I've tried integration. I found a couple of different formulas for integrating over [[x]] dx, and I thought I could use u-substitution and plug into their solutions, but it never works.
It's easy enough to do with brute force (just calculate the floor for every value of $x$ from 1 to $n$), but $n$ could be as many as 2,000,000,000, so it's too slow.
Edit: Thanks for adding the typesetting. To clarify, the numerators of both m and b are between -2,000,000,000 and +2,000,000,000, and the denominators are 1 - 2,000,000,000.
Update: I appreciate everyone's answer. It looks like you have the right idea. The problem turned out to be easier than how I stated it. The function range is always between two integer coordinates, so in the case that there are no integer intersections between the endpoints, you can draw a rectangle around the line segment and half the points will be below it and half will be above, so it's just half the area of that rectangle.
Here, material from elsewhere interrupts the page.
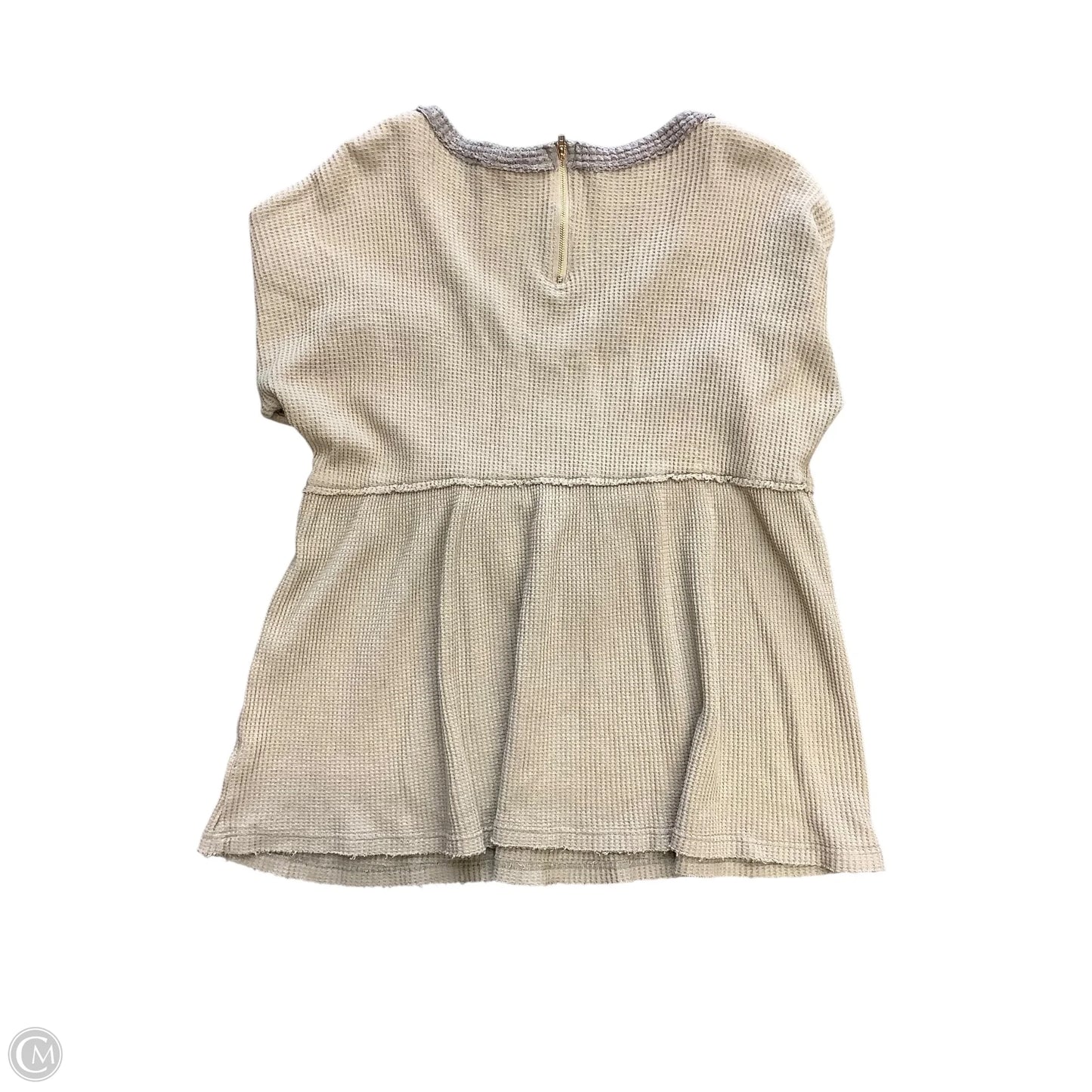 Tunic Long Sleeve By Pol In Tan & White, Size: S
In the case that the function does touch an integer coordinate between its boundaries, do the same method between the start point and the first integer intersection (say, x = k), and the rest of the points are repeated geometrically every k units:
Let $L$ denote the least common multiple of $m$ and $b$. Let $m=\frac{M}{L}$ and $b=\frac{B}{L}$. Momentarily set aside the floor function and make the limits from $0$ to $L-1$ rather than $1$ to $n$ (Bear with me.) Then
\begin{equation} \sum_{x=0}^{L-1}( mx+b)=\frac{1}{L}\sum_{x=0}^{L-1}(Mx+B)=\frac{1}{L}\left[M\cdot\frac{(L-1)L}{2}+BL \right]=\frac{M}{2}(L-1)+B \end{equation}
By looking at several random examples for $mx+b$ it appears to be the case that
\begin{equation} \sum_{x=kL}^{(k+1)L-1}\left[\left(\frac{Mx+B}{L}\right)-\left\lfloor\frac{Mx+B}{L}\right\rfloor\right] \end{equation} always yields the same result for $k\ge0$. If it were possible to find a closed form formula for this, then one would have a closed form formula for \begin{equation} \sum_{x=kL}^{(k+1)L-1}\left\lfloor mx+b\right\rfloor=\sum_{x=kL}^{(k+1)L-1}\left\lfloor\frac{Mx+B}{L}\right\rfloor \end{equation} which is not exactly what you asked for since one would have to wing it for any 'leftovers' $kl\le n<(k+1)L-1$.